▶ **TASK DESCRIPTION**
Tally how many lines of these entries hold the string "they". Return the number alone.

** Opening RECORDS SUPPLIED block **

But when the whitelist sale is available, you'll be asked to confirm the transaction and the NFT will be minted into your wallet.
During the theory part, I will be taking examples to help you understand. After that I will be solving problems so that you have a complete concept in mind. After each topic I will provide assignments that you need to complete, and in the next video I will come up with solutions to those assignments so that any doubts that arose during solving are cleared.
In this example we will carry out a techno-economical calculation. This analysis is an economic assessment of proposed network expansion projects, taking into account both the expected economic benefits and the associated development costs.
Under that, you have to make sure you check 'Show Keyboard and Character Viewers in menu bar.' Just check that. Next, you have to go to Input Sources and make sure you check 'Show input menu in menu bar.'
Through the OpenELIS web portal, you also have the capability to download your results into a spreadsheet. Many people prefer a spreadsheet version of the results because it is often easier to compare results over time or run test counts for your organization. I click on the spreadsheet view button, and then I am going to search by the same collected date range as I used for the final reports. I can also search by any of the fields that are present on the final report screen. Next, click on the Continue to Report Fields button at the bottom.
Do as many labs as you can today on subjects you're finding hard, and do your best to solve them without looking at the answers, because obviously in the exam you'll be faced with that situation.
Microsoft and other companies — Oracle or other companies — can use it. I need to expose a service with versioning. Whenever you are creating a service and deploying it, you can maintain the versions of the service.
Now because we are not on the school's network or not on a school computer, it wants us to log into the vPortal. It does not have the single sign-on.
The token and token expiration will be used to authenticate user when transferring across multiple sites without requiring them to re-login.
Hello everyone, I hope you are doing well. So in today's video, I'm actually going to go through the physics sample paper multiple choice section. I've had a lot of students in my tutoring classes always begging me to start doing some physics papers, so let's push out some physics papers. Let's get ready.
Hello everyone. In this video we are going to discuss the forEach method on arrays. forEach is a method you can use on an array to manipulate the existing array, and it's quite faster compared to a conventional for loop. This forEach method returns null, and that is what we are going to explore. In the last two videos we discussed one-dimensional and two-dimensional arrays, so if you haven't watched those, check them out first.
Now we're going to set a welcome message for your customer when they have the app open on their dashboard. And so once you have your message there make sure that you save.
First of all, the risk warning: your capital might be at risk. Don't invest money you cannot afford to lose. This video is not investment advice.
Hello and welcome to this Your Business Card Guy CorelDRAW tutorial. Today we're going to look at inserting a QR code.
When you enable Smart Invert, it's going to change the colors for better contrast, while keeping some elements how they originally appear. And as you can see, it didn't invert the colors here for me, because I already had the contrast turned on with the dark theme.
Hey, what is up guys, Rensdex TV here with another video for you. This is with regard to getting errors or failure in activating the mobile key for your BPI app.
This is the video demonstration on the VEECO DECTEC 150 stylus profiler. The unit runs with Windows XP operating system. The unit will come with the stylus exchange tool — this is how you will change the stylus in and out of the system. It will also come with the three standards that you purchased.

** Closing RECORDS SUPPLIED block **

▶ **RESPONSE BOX**
2